It's understandable REIT investors would key in on a company's dividend history, given that the corporate structure is designed to pass income on to shareholders. Realty Income's streak of 27 annual dividend increases in a row is very impressive, putting it in Dividend Aristocrat territory. However, W.P. Carey isn't far behind, with 23 years' worth of annual dividend increases under its belt. But don't pass it over because the streak is a little shorter than Realty Income's -- W.P. Carey has increased its dividend every year since its IPO in 1998. It truly stands toe to toe with Realty Income here.
Realty Income's yield is around 4.4%, well more than what you'd get from an S&P 500 Index fund, SPDR S&P 500 Trust (NYSEARCA: SPY) which yields roughly 1.6%, and the average REIT yield of 3.7%, using Vanguard Real Estate ETF (NYSEMKT: VNQ) as a proxy. However, W.P. Carey's yield is an even more robust 6.1%. So, if you're a dividend investor looking to maximize your current income, W.P. Carey looks more desirable than Realty Income here.
Both Realty Income and W.P. Carey are net lease REITs, which means they own single-tenant properties for which the tenants are responsible for paying most of the operating costs of the assets they occupy. It's a fairly low-risk investment approach that generally involves long-term leases with built-in rent escalators.
However, these two REITs take slightly different approaches. Realty Income's portfolio is heavily weighted toward retail assets, which make up 85% of its rent roll. The rest is spread across the industrial (10%), office (3%), and "other" categories (the remainder, largely an opportunistic vineyard investment). About 4.5% of its rents come from the United Kingdom.
There's some diversification there but not all that much when you compare it to W.P. Carey's portfolio, which is spread across the industrial (24%), warehouse (23%), office (23%), retail (17%), self storage (5%), and "other" (the remainder) categories. Meanwhile, 37% of W.P. Carey's rent roll is derived from outside the United States, largely Europe.
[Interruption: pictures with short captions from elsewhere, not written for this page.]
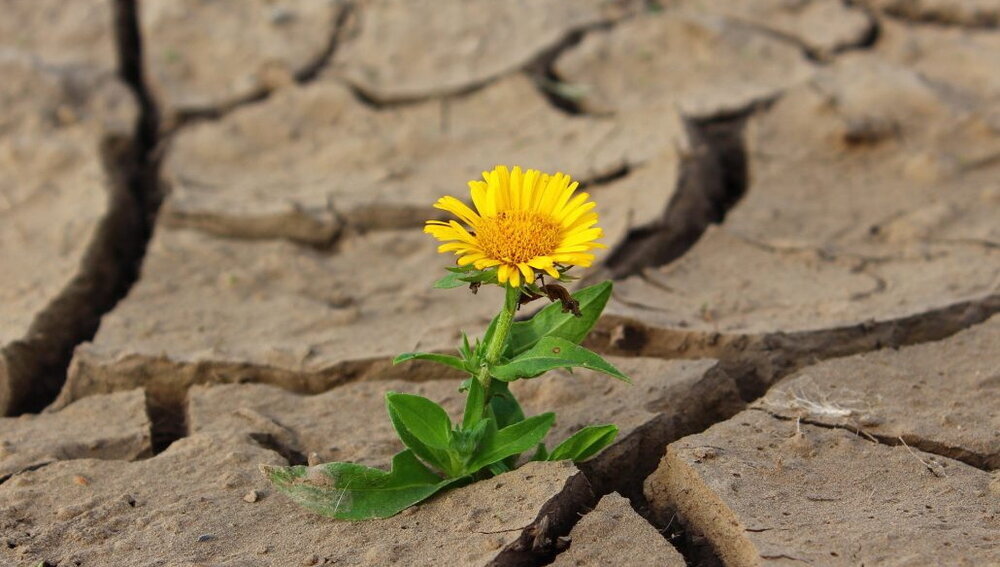 Resiliencia: el arte de levantarse de nuevo en medio de las crisis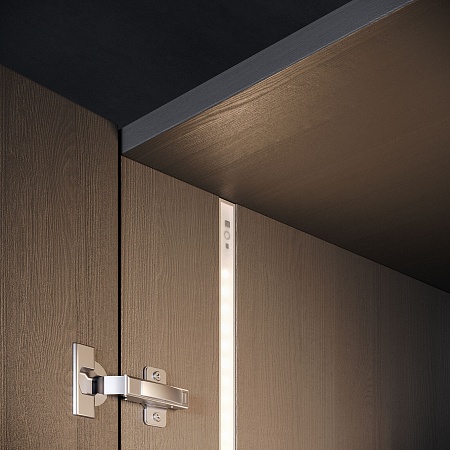 Выключатель с микроволновым датчиком движения 12/24V 60/120W 95002/01 Elektrostandard - фото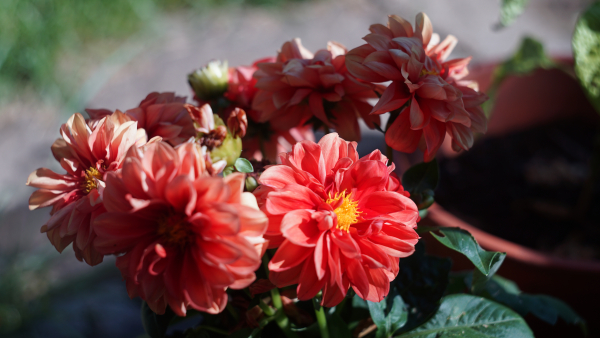 Helios 44M-4 58mm f2 A7 05065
If you think diversification is a winning strategy, W.P. Carey takes another point.
There are a number of ways to look at valuation, but one of the easiest is simply examining a company's historical yield trends. On that front, Realty Income's yield is about in the middle of its 10-year range. That suggests that the REIT is probably fairly valued. While paying full price for a great REIT is hardly a bad thing, W.P. Carey's yield is in the upper half of its 10-year range. That suggests it's relatively inexpensive today, which, once again, gives it an edge over Realty Income.
The winner is...
It wouldn't be correct to say that Realty Income is a bad REIT or a poor investment option. In fact, it's a very well-run landlord and looks fairly valued right. However, W.P. Carey can stand toe to toe with Realty Income and actually looks more attractive in some ways, including yield, diversification, and valuation.
If you're looking at Realty Income, you'd be wise to do a deep dive into W.P. Carey. You might find you end up buying W.P. Carey instead.